▶ What you need to do: Print the data verbatim. Leave every image out.

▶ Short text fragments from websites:
%%

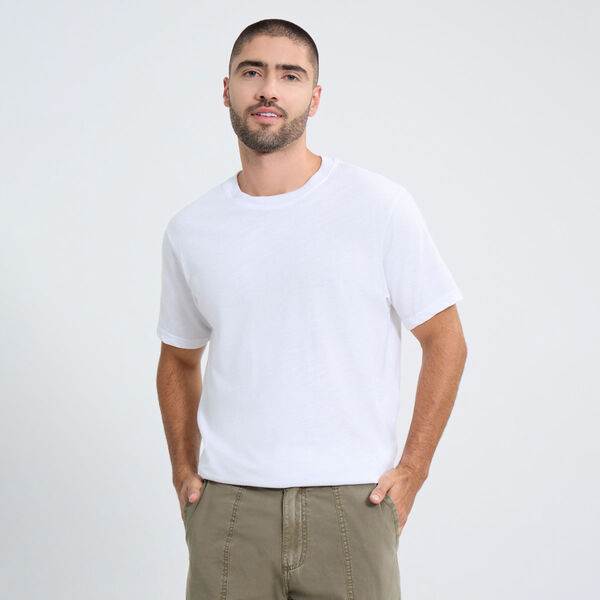 camisetas para hombre image number null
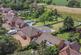 Additional image 39 of Lady Byron Lane, Knowle, Solihull West Midlands B93 9AY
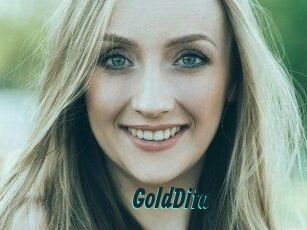 GoldDita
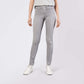 DREAM SKINNY - 0355L540290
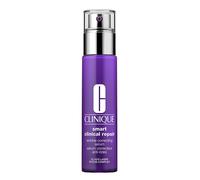 30ml Clinique Smart Suero corrector de arrugas Clinical Repair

%%

▶ Expected output:
 camisetas para hombre image number null
 Additional image 39 of Lady Byron Lane, Knowle, Solihull West Midlands B93 9AY
 GoldDita
 DREAM SKINNY - 0355L540290
 30ml Clinique Smart Suero corrector de arrugas Clinical Repair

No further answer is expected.